Data below:

───

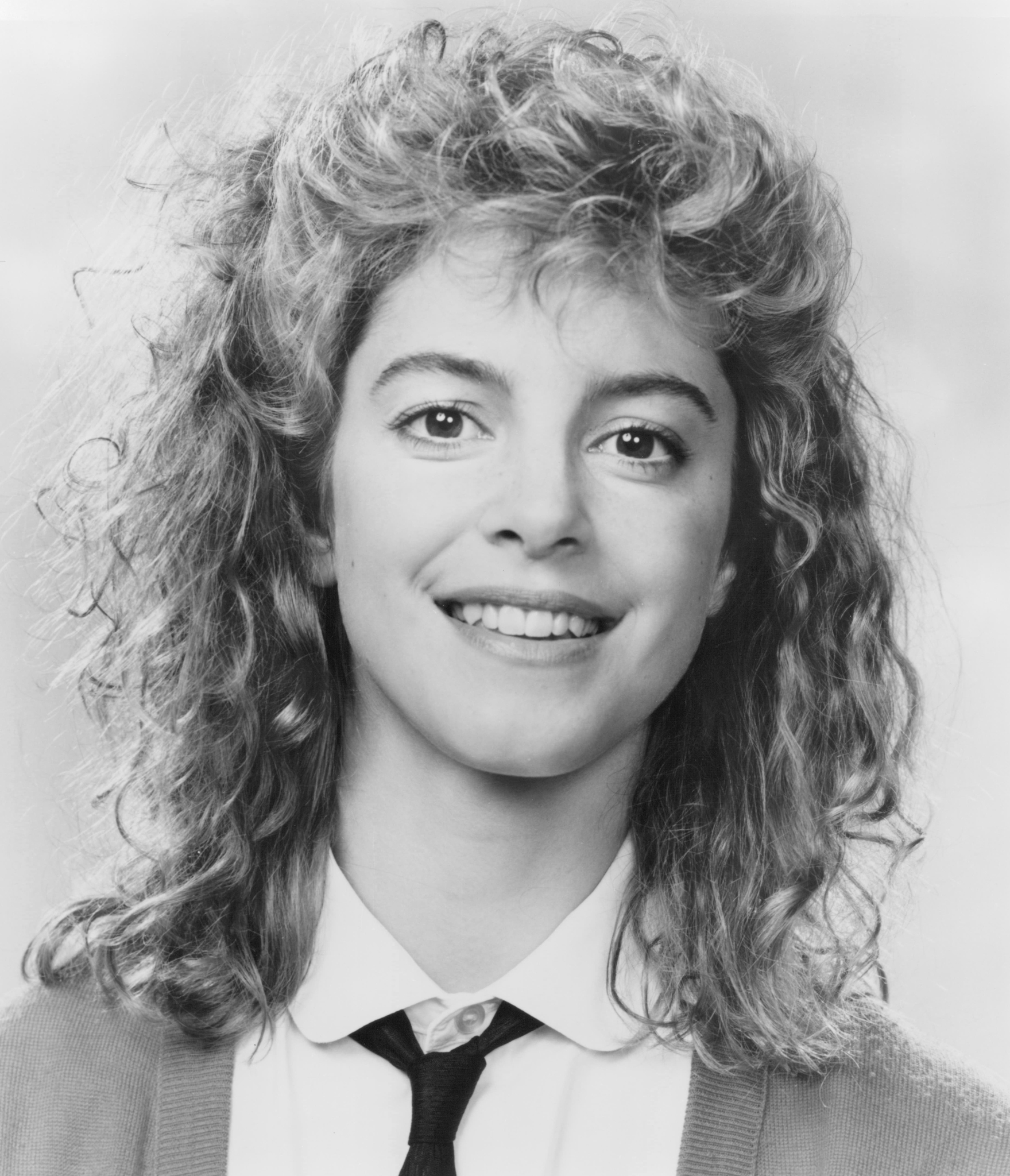 Still of Cynthia Gibb in Short Circuit 2 (1988)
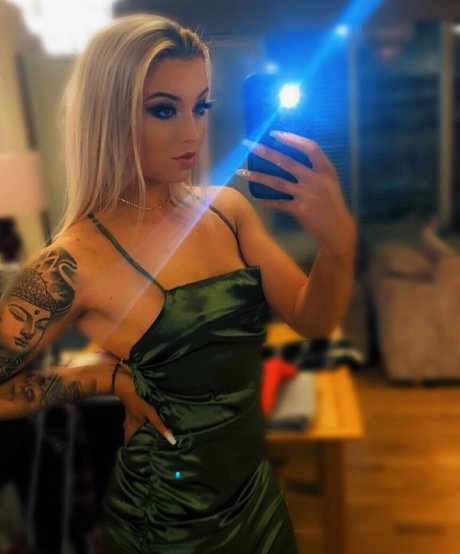 theenicolehammond top model photo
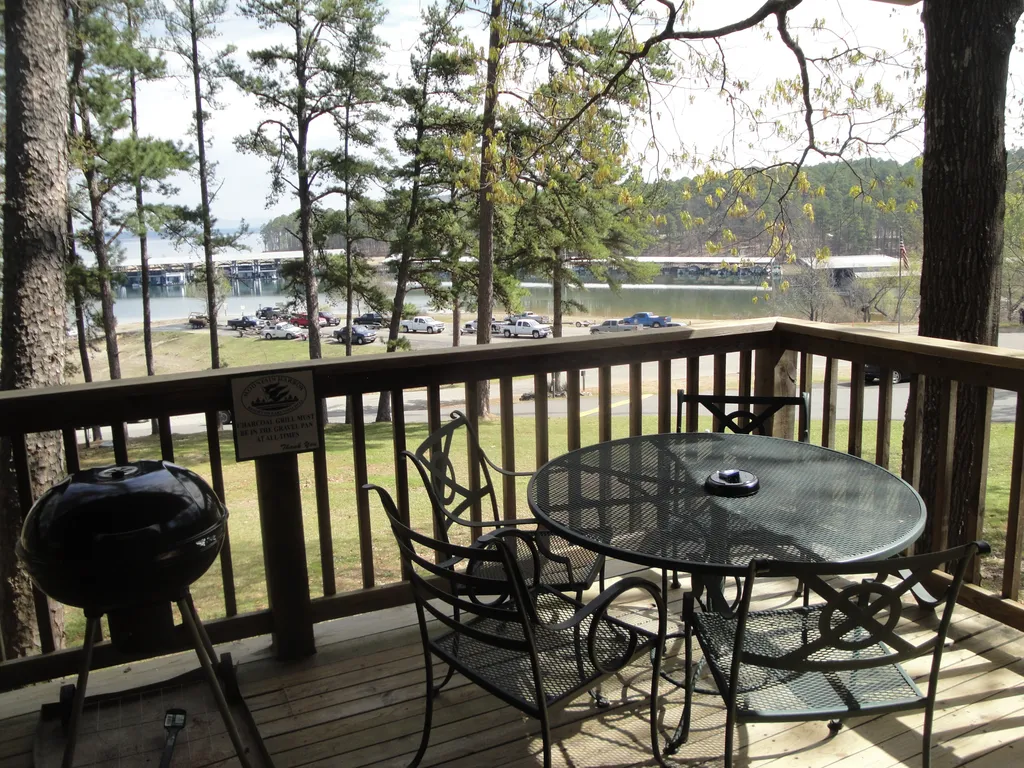 Mountain Harbor Lodge cottage on Lake Ouachita.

───

To do: Leave the pictures out, and print every line of the listing exactly as written.

Your response:
 Still of Cynthia Gibb in Short Circuit 2 (1988)
 theenicolehammond top model photo
 Mountain Harbor Lodge cottage on Lake Ouachita.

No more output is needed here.